Thursday, May 23, 2013
Rockies' Experimenting is Good for the Game. | Print |  Send
Written by Jonathan Leshanski (Contact & Archive) on August 29, 2012
  

There was a time when teams only used a four-man rotation, when if you were a starting pitcher, you were not expected to just start the game but to finish it. There were days before closer or set up men.  A time that sabermetrics and statistical analysis had no place in the game, and a time when players had no job security or health benefits.

But the game evolves.  That’s why the Rockies experimenting with their pitching is a good thing.  Of course not all experiments work, but when they do they can change the world and create a new paradigm for the game. 
coorsrotunda82912
top of the rotunda Coors Field
Photo by Chelsea Nesvig, used under creative commons license.

Being an innovator is hard work and challenging the orthodoxy of the game is often mocked.   How many folks laughed and derided Billy Beane and the A’s when they tried the system that has become known as Moneyball?

Moneyball worked.   Because of that there is no team in the game today that doesn’t crunch numbers and look at statistical analysis.  Beane largely relied on finding on-field market inefficiencies when it came to hitting and fielding and used and maximized the use of statistically favorable plays to create teams that were contenders for an organization that had little money and few resources.

It changed the face of the game today.  So did the invention of the closer, the set up man, the DH and so many other things.  That’s why the Rockies should be applauded for plan 5183, named after the altitude of the playing field at Coors, instead of excoriated by writers like Steve Henson over at Yahoo.  After all they were a team with a dearth of talent in certain positions and have tried to do for pitching what Moneyball did for offensive team-building.

Maybe the experiment really is a failure or maybe the Rockies just don’t have the right talent to make the system work, but they had nothing to lose by trying.  Clearly by May the front office understood that this wasn’t a playoff team.  And while the dynamics of Coors Field are different from anywhere else, finding a way to exploit the inefficiencies of the pitching market could transform any team for a number of years.

In this case, the impetus might well be the high cost of premium arms in the Majors today.  When top pitchers are commanding in the neighborhood of $20 million per year, most small market teams simply can’t afford one as a free agent or afford to keep one should they develop one.

The Rockies tried to find a way around that.  Hardly something worthy of scorn, if they succeeded they would have transformed the game.

Every single one of us has seen that pitcher who can throw brilliantly the first five or so innings and who can be counted on to blow up sometime just after that.

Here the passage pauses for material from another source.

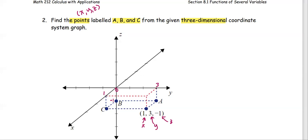We can use the same approach to identify the labels for points A, B, and C. Before doing that, I'm going to put the numbers on all the x, y, and z axes.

The Rockies thought they had found an inefficiency in those guys most teams in baseball would dismiss as an innings eaters or mediocre starter because of that fifth or sixth inning.

System 5183 was designed to take advantage of the excellent prior innings and to remove the pitcher before he reached that fateful inning where things traditionally went to hell.  The concept was to use a bridge pitcher, an upper tier middle reliever to transition the game to the guys who’d finish the game.

In theory, no pitcher would throw a lot of innings; in theory instead, of needing just to work every five days -- or every two or three in the case of a middle reliever -- you’d have better rested starters and a mechanism which could generate the equivalent of a quality start from a small group of pitchers time after time.

For the Rockies, the system didn’t work.  That’s not to say that it couldn’t and that with the right group of pitcher it wouldn’t.  In this case a bad team tried an experiment.  Had it worked it would have turned baseball on its ear and created a new and affordable blueprint for small market pitching for the next decade.

Bravo for trying.  It’s still an interesting system.  Maybe with a little luck it will work another day.